Had everything all laid out and ready to do a test run of all the switches on my 027 layout.
Now, there are 14 switches, all Lionel 1122 type, and all are wired to SPDT toggle controllers. Out of the 14 only five are working out of the gate.

Went thru and after checking the wiring got a few more to work. So I figured I would take them one at a time and try to get the switch to work separated from the layout.

Got to the first switch and went to check it by manually changing the direction from straight to diverted by turning the lantern on the top of the housing. 
Boy was I surprised,,,the switch is frozen!! It could not be moved at all in any direction!!

Now I have no clue what to do with this....Sure don't want to just scrap it and go back to EBay and try and find six more switches.....Yes I said SIX! That's how many I found on the layout.

Can these be rebuilt, oiled up and get them working or....?????

Rescue please,,,,,


----------



## Chip (Feb 11, 2016)

LOL! C'mon!

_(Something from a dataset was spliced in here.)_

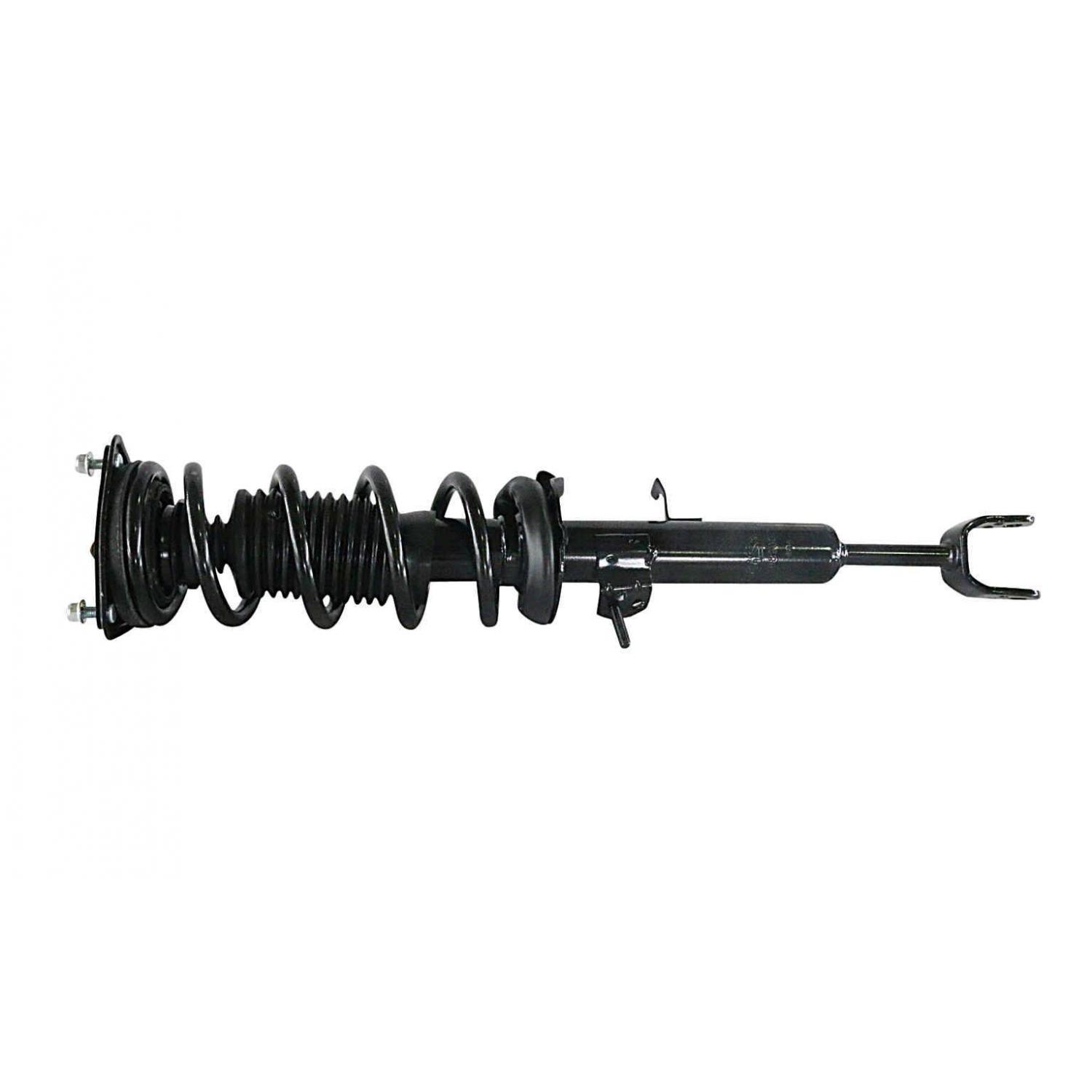 GSP 839002 Suspension Strut and Coil Spring Assembly product image 2 of 5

You no "checkee" before "buildee"? I build it THEN check it THEN glue/nail it and continue to check during all phases of construction, "ya never know" when the gremlins will strike!

That IS a bummer though, hope it works out.


----------



## chieftopcop (Apr 2, 2016)

:laugh:
Ya nailed it Chip!!
As the old carpenter says: Measure twice / cut once!!

Right after I located the second locked up switch my third thought was,,,and how many of these were checked out of the box...

Sure hate buying on EBay especially when the seller says all items are in good condition and has a great command of photography.

But when you are in need of fourteen switches and the going rate is $120 it's hard to pull that out of the budget....


----------



## Chip (Feb 11, 2016)

chieftopcop said:


> :laugh:
> Ya nailed it Chip!!
> As the old carpenter says: Measure twice / cut once!!
> 
> ...


LOL! That is an excellent price BUTT!

If it SEEMS to good to be true...

Still a BUMMER though! I doubt I could have passed up that deal if I had the money!


----------